In a July 26 op-ed in The Chicago Tribune, AAR President and Chief Executive Officer Ian Jefferies said the Biden administration has wrongly singled out railroads as anticompetitive, and that the EO’s proposed measures would result in higher prices to consumers.
“By gumming up the rail network, it would also exacerbate and potentially cement inefficiencies for rail partners within the supply chain, which is currently quelling more robust growth,” Jefferies wrote.
For example, the EO calls on the STB to consider a forced switching rule as part of an effort to treat freight shippers fairly.

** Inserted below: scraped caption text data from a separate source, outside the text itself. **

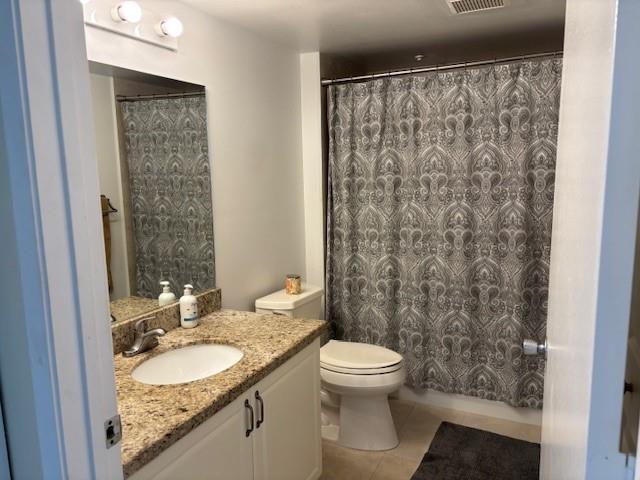 12651 Southwest 16th Court, Unit 413B Pembroke Pines, FL 33027 - Photo 33 of 66 a bathroom with a granite countertop sink a toilet and a shower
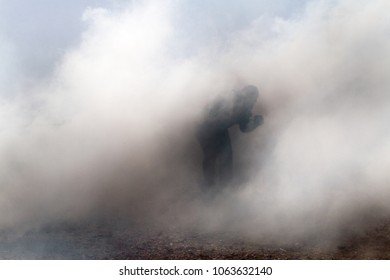 Man in a cloud of smoke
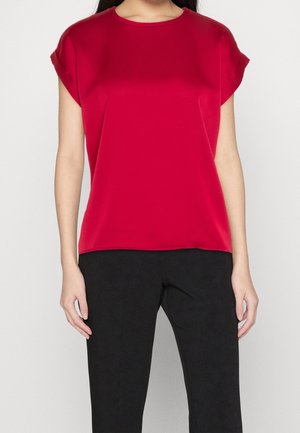 Femme portant un chemisier rouge vif à manches courtes avec des manches retroussées et un pantalon noir sur un fond uni.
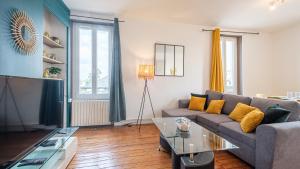 uma sala de estar com um sofá e uma televisão em Les Cheminées - Welc'Home em Limoges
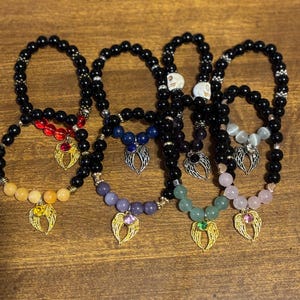 May include: A collection of beaded bracelets featuring black round beads, interspersed with colored gemstone beads and silver-toned angel wing charms. Each charm is accented with a small, round, colored rhinestone at the center.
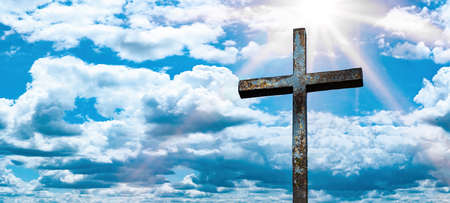 Religious Background - Old steel cross with blue sky, clouds and sunbeamsの写真素材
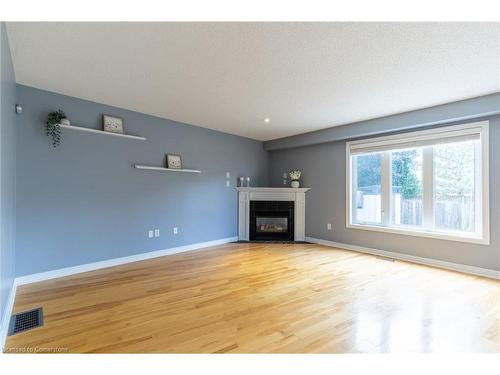 53 Dulgaren Street, Hamilton, ON - Indoor Photo Showing Living Room With Fireplace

“Known as ‘competitive switching,’ such forced access would allow companies dissatisfied with the prices they pay to ship products over rail lines to petition the government to intervene on their behalf to force a railroad to use its infrastructure to hand business to its competitor,” Jefferies wrote. “It is like ordering Coca-Cola to allow Pepsi to produce and bottle soda at its facility.”
Jefferies described the competitive switching measure as a push for re-regulation — not because of a market failure, but because some shippers don’t like the price they pay for rail transportation.

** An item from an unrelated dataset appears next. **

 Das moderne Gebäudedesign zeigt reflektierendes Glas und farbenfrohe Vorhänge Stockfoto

“But thanks to competition among various modes of transportation, rail rates have fallen 44% since the government largely removed itself from setting freight rates in the 1980s,” Jefferies wrote.
Despite the freight-rail industry's concerns, the EO language related to reciprocal switching may not present as great a risk to railroads as initially feared, according to a July 11 analysis by Baird Equity Research.
"Language in the actual EO related to reciprocal switching states that the STB should 'consider commencing or continuing a rulemaking to strengthen regulations pertaining to reciprocal switching agreements pursuant, if the chair determines such rulemaking to be in the public interest or necessary to provide competitive rail service,’” Baird analysts wrote.
Reciprocal switching has gone nowhere with the STB since the idea was reintroduced in 2016, they noted.
Even if reciprocal switching was implemented in the United States, it would take significant time for the STB, railroads and shippers to process those changes, and likely result in unintended consequences, including more operational complexity for networks and potentially deteriorating service, Baird analysts claim.
In other reactions to the EO, Canadian Pacific officials believe it sends the message that no rail mergers should be allowed if they would reduce competition or hurt passenger service, and that the U.S. economy needs more competition among railways.
As a result, a merger between CP and Kansas City Southern "would be a positive step toward more competition — not less — in the freight-rail industry with no need for regulatory solutions," CP officials said in a prepared statement.
"In contrast, a proposed CN-KCS combination creates competitive issues and reduces options for rail customers that will require additional regulation to overcome," they said.
In addition, CN-KCS would present more challenges for existing Amtrak service operating on CN lines south of Chicago, CP officials said. Those same lines “already have a history of operating issues and one of the worst on-time performance records in the industry, and challenges for the desired establishment of future passenger service in Louisiana,” they added.